# PROMPT
Word for word, restate the lines of the listing below from the line with "Büttenpapier-Umschlag B6 - Trapezlasche" through the line with "2024 STAR INDUSTRIES", and do not include the pictures.

-- INPUT DATA follows --

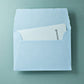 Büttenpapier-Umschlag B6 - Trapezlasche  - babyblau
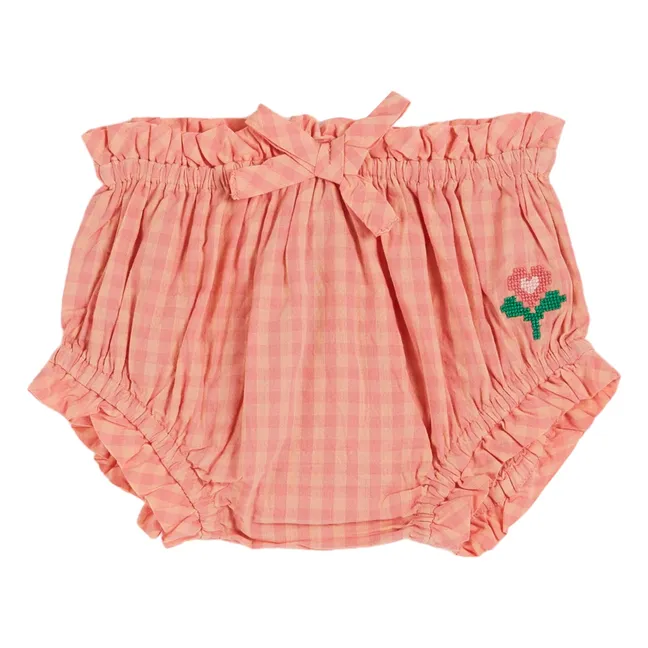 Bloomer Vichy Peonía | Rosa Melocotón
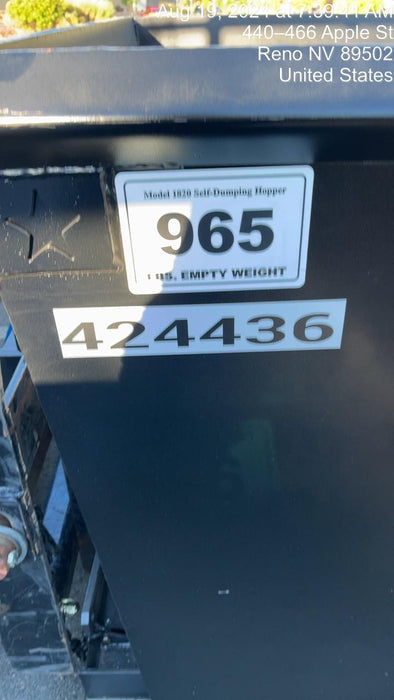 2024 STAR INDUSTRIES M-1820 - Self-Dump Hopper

-- INPUT DATA concluded --
-- INPUT DATA follows --

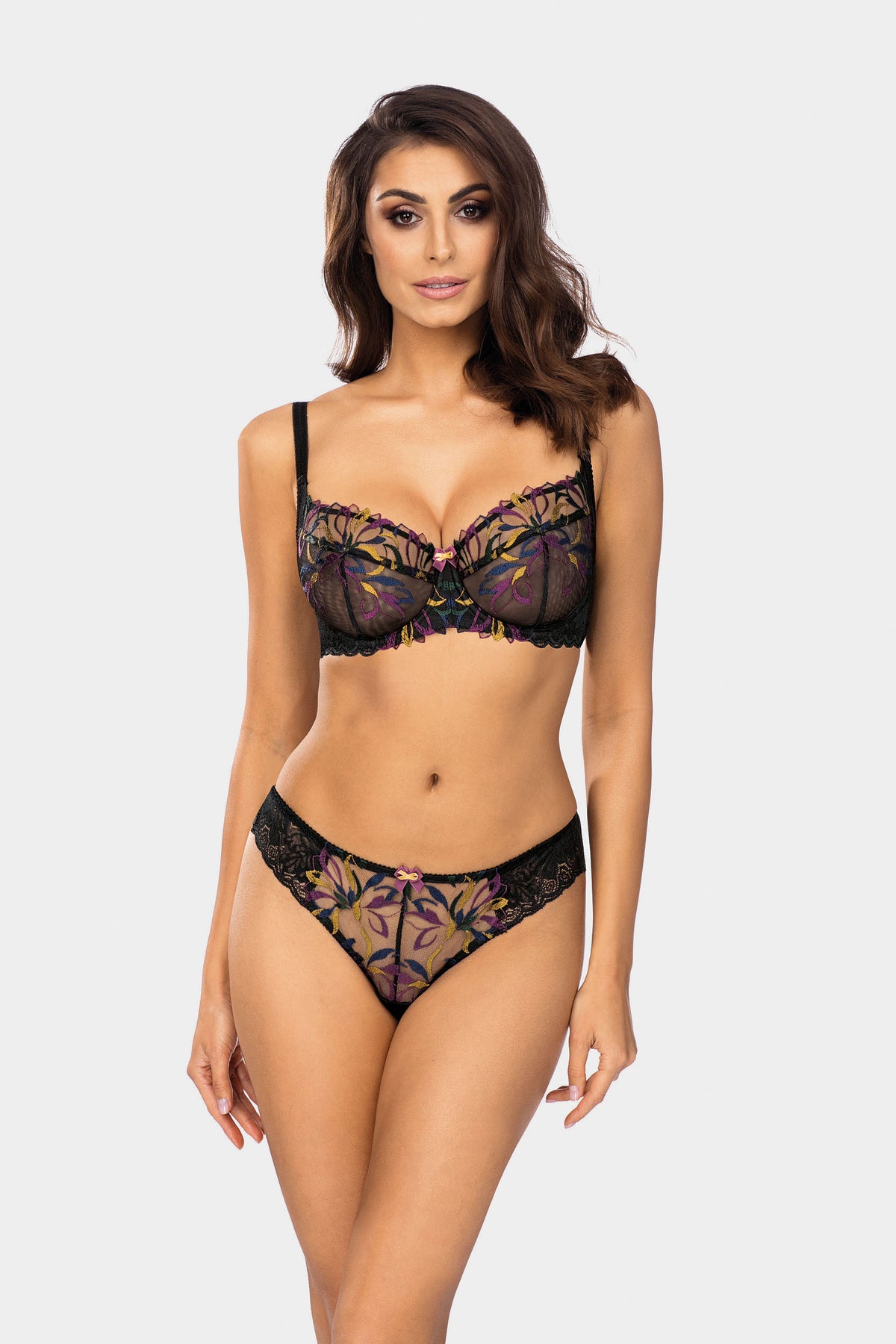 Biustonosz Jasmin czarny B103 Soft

-- INPUT DATA concluded --

# FINISHED TASK
 Büttenpapier-Umschlag B6 - Trapezlasche  - babyblau
 Bloomer Vichy Peonía | Rosa Melocotón
 2024 STAR INDUSTRIES M-1820 - Self-Dump Hopper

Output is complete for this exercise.